Clean and Elegant

Clean and Elegant

Tuesday 26 June 2018

Dear Vincent, Elizabeth Gilbert says that, every time you have sex with someone, some small part of you dies.


Dear Vincent,

Elizabeth Gilbert says that, every time you have sex with someone, some small part of you dies. I always hope the part of me that will die, will be the most terrible part. The part I can’t stand.

The night before the last time, I had to say good-bye,
I sat on the ledge of my bathtub, and washed my feet, and suddenly I saw the most deeply upsetting stain on the under front rim of my toilet. And felt baffled and horrified that I had never noticed this before, and also distraught at the thought that perhaps all of my cleaning clients are currently enduring this tragic toilet situation.
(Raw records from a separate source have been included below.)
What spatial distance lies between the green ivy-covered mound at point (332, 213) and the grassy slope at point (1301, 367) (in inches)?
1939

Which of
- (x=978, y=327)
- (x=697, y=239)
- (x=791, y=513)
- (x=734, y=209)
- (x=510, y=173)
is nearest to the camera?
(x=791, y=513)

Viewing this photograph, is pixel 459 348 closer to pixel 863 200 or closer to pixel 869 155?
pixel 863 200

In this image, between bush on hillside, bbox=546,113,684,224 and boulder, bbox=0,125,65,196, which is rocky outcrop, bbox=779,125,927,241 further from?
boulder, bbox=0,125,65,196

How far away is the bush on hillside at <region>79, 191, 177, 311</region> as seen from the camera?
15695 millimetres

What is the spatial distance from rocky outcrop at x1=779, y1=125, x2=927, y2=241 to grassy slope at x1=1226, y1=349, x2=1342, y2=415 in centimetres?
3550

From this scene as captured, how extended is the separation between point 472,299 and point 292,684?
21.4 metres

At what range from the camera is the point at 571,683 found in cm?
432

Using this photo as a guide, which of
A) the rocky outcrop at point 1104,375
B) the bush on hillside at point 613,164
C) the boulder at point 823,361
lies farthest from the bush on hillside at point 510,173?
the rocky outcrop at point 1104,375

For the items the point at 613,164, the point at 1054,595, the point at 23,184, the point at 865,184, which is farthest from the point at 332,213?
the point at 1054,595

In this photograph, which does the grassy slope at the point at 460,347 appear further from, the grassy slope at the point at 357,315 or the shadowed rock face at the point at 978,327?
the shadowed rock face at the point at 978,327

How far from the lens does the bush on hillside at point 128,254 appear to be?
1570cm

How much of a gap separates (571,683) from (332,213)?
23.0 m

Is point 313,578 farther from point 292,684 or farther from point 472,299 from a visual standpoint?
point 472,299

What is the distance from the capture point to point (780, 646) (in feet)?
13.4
In the middle of the night, I woke up quite hungry,
and concerned about the toilet, and saying good-bye,
and being alone,

and I considered various new and optimistic morning routines I could take up to fill my life with hope.
For example,
figuring out how to orgasm without humping the duvet, or my sleeping bag, or someone's leg.

My favourite clichés are,
The heavens parting
In the blink of an eye
Over the moon

The ends of the earth,

And that thing you have when you love your therapist.
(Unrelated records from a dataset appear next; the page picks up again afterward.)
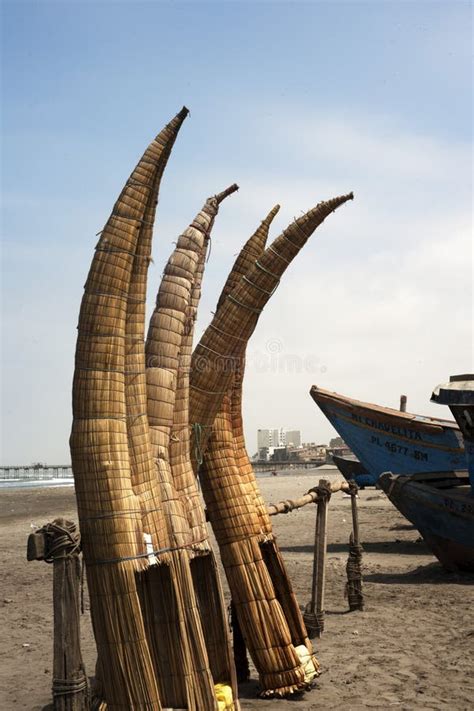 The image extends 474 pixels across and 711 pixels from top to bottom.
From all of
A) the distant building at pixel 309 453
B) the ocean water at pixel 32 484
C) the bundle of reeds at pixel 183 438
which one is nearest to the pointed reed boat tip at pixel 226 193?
the bundle of reeds at pixel 183 438

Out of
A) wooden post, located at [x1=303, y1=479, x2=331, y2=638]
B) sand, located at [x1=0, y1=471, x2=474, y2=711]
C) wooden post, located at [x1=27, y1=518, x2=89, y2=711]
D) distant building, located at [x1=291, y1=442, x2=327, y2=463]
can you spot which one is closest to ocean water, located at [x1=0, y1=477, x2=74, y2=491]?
distant building, located at [x1=291, y1=442, x2=327, y2=463]

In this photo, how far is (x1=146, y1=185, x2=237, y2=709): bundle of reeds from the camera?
5.55m

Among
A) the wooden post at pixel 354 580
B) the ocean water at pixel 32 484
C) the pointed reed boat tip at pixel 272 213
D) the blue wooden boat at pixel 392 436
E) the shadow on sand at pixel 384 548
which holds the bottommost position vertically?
the ocean water at pixel 32 484

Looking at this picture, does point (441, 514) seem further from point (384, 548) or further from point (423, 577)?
point (384, 548)

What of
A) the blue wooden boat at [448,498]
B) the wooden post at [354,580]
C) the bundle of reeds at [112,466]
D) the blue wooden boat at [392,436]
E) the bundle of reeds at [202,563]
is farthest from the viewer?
the blue wooden boat at [392,436]

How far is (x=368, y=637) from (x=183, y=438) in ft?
15.7

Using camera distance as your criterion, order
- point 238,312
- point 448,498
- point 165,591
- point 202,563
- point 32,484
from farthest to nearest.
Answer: point 32,484, point 448,498, point 238,312, point 202,563, point 165,591

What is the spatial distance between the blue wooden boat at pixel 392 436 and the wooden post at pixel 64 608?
48.2 ft

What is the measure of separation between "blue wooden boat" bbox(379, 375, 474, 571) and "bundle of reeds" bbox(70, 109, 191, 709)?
32.1 ft

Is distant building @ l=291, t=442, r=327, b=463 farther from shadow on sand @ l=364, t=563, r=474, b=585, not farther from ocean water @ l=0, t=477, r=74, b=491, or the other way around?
shadow on sand @ l=364, t=563, r=474, b=585

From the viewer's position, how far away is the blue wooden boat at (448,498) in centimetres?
1433

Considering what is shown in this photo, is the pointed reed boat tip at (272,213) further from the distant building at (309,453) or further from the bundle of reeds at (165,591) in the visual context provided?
the distant building at (309,453)

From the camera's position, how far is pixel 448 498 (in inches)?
597

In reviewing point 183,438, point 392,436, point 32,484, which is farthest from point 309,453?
point 183,438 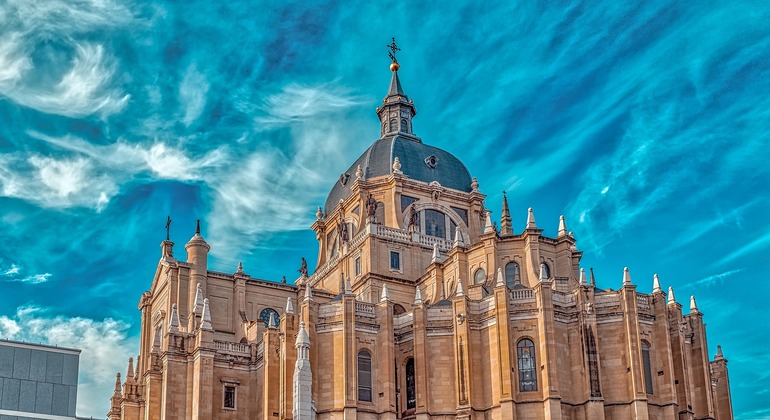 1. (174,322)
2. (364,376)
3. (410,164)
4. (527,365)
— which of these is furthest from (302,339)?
(410,164)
When the long goodbye was over, I walked up my fire escape, wept
with reasonably impressive delicateness,
and then
went straight to scrubbing
the horrifying toilet stain,
and this had very minimal success.


A robot on Youtube recommended lemon and vinegar, a pumice stone, water-based sand paper, Coca-cola,
and always finish off with a mountain of vinegar and baking soda.

I embarked upon a new and optimistic morning routine, I will take up to fill my life with hope.
And this had very moderate success.
Now I am washing my sheets.

Clichés I hate are,
Throwing the baby out with bathwater
(probably this took me
at least twelve years
to understand, and who would bother with that anyways),
the straw that broke the camel’s back
(this always makes me think of plastic straws you drank your chocolate milk with when you were a kid, and now everyone is shunning the plastic straws because the seagulls are choking and because plastic continents are forming in the middle of all the other continents),
and
you need put your oxygen mask on first, before you can help anyone else. Because in pretty much every situation besides a sinking airplane, you will preserve your useful consciousness for more than 18 seconds if you think of someone else before yourself.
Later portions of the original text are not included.